I had an interesting question asked of me at my recent book launch for It Begins In Betrayal. I was asked about the role of feminism in the actions of my heroine. This is a massive question. I have a character who is clearly a strong individual, and who sets out to be the ‘rescuer’ in It Begins In Betrayal. Where is a character like that positioned in the question of feminism?
The business of feminism in the post war years is an entire Women’s Studies course. Though there are ample histories of bravery and leadership by women coming out of the war years, I write characters based on my own experience of people, in this case my own mother, and the people I knew in the small community I write about, and the stories I heard about my family. Women I knew as a child in that community had been through wars, had lost husbands, or worked on an equal footing with them in agricultural pursuits. They were strong out of necessity, but I perceived them as strong by inclination as well. Everyone I knew just ‘got on with it’. My own English aunts just got on with things as well in spite of setbacks or societal expectations.
Based on the balance of power, as I perceived it in my household, I truly believed that women were much stronger than men, and I still remember my genuine surprise at twelve or so when I was finally in a proper school, that society in general called women things like ‘the weaker sex’. I was quite shocked when I learned that my father’s younger brother married a fully qualified doctor and then immediately forbade her to work. I was disappointed by him, though by then I was in my twenties and I had begun to understand how men lived out their privileges, but I was puzzled by her. Why had she accepted these terms? The most I could ever glean from her in all her uncomplaining years was that she perceived it to be her duty. Subsuming your personal ambitions to duty is very surely a kind of strength as well.
An examination of what went into the solidifying of my mother’s strength reveals that though she had social, class and educational advantages, nevertheless she had painful experiences that had a profound influence on her behaviour and attitudes. She was poorly treated by her father, and much disappointed to find that marriage to her husband meant that she would be alone for much of her life, both because he was away for most of the war, and because in peacetime he was away doing geology. These disappointing circumstances undoubtedly strengthened her and fed her desire refuse to settle for a life in which only men could have adventure. She embarked on adventure and doing whatever she darn well wanted to beginning when I was three, and never really let up. My father was certainly powerless to stop her for the most part, and in fact revealed after she died how much he admired her.

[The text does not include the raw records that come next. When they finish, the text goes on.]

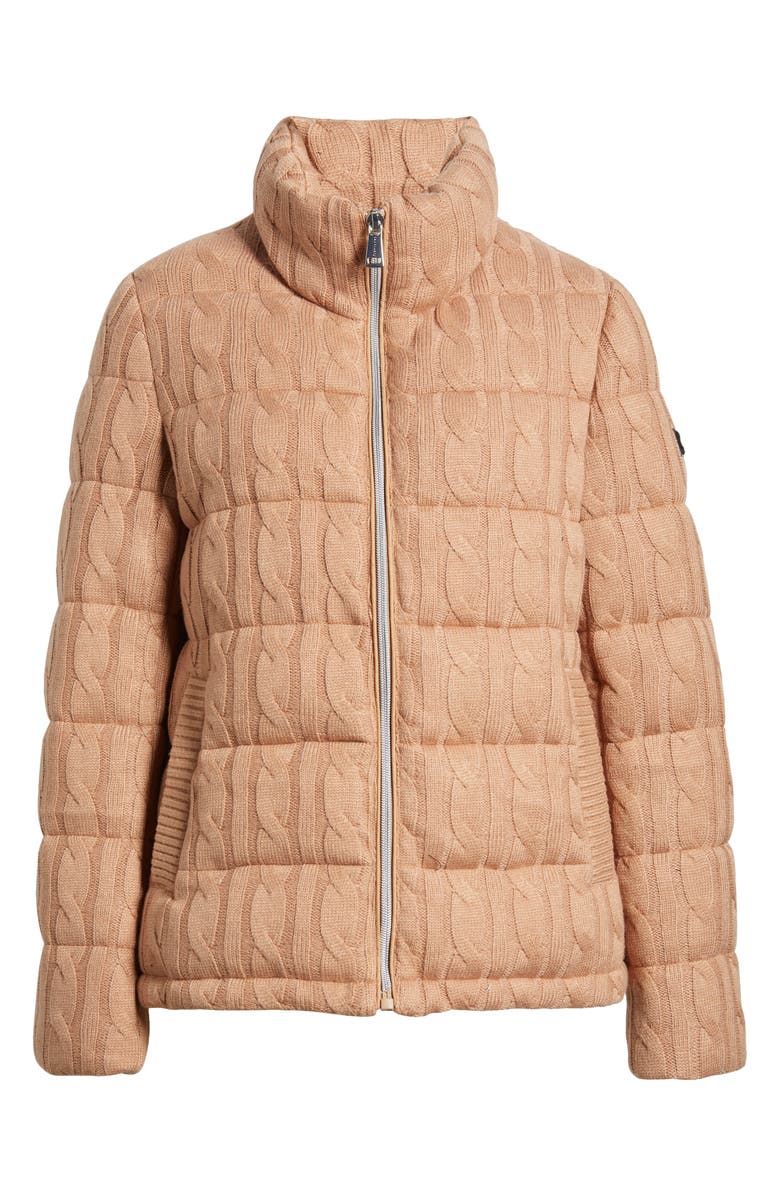 Sanctuary Cable Knit Quilted Puffer Jacket, Alternate, color, 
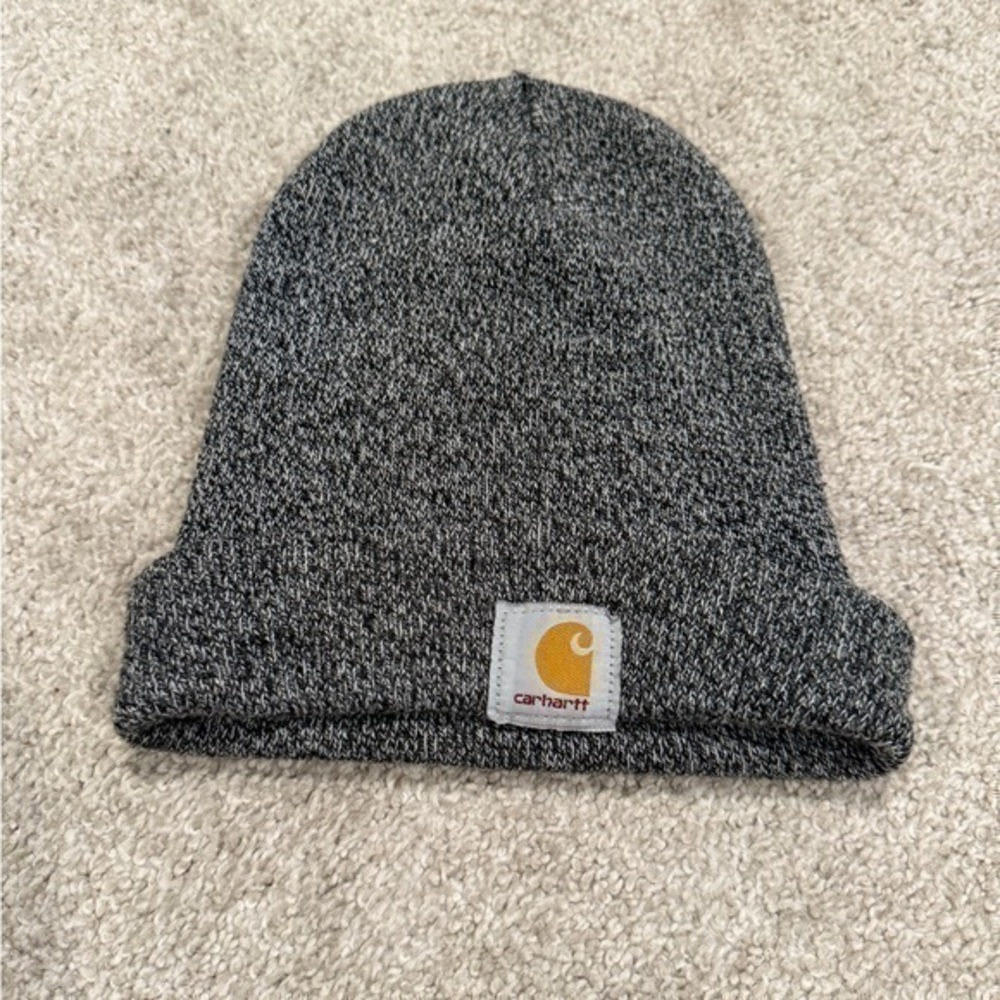Carhartt Gray Beanie - Size OS (One Size fits All)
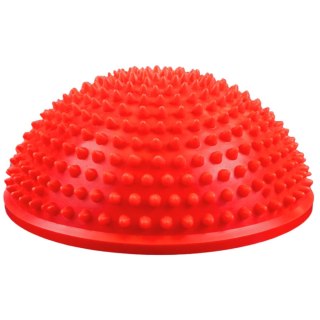 Półkula Sensoryczna Do Masażu Ćwiczeń Równowagi Czerwona 16 cm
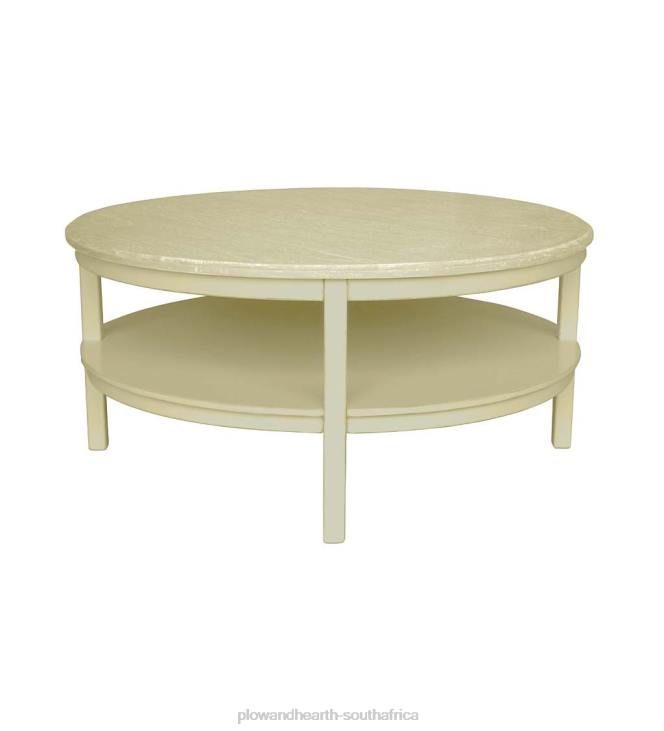 Furniture Plow & Hearth Laurel Ridge Farmhouse Collection Holden Round Table - Cocoa NFLB2112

She acquired four master’s degrees after the age of fifty (much to the delight and admiration of my friends in high school who rarely saw such things) after growing up with little formal education as we know it here, having been educated by governesses and a brief and unhappy stint of boarding school. One of her Master’s degrees was in philosophy. She was intolerant of the growing fascination of psychology in the sixties because she believed all it provided was excuses. She believed profoundly in individual will and agency. “Just get on with it,” was the strongest lesson of my childhood.
So to answer a question about feminism and my characters, I have to consider what benefit there might have been to women who were ‘feminists’ by nature, but not attached to any political movements that forward the advancement of women. The world, after all, is full of women who are powerhouses, but not political. I think the service they provide to the advancement of women is to be found in modelling. In this case, especially in the times, modelling strength and agency. Modelling intolerance for the attempt to restrict their movements and activities. Of course, there were women all around Lane trapped in restrictive marriages, or indeed, who believed profoundly in the institution and the proper role of women in the home, but what people like my mother and the many other powerful women I knew did was to model this one fact: it doesn’t have to be that way. You can just get on with it.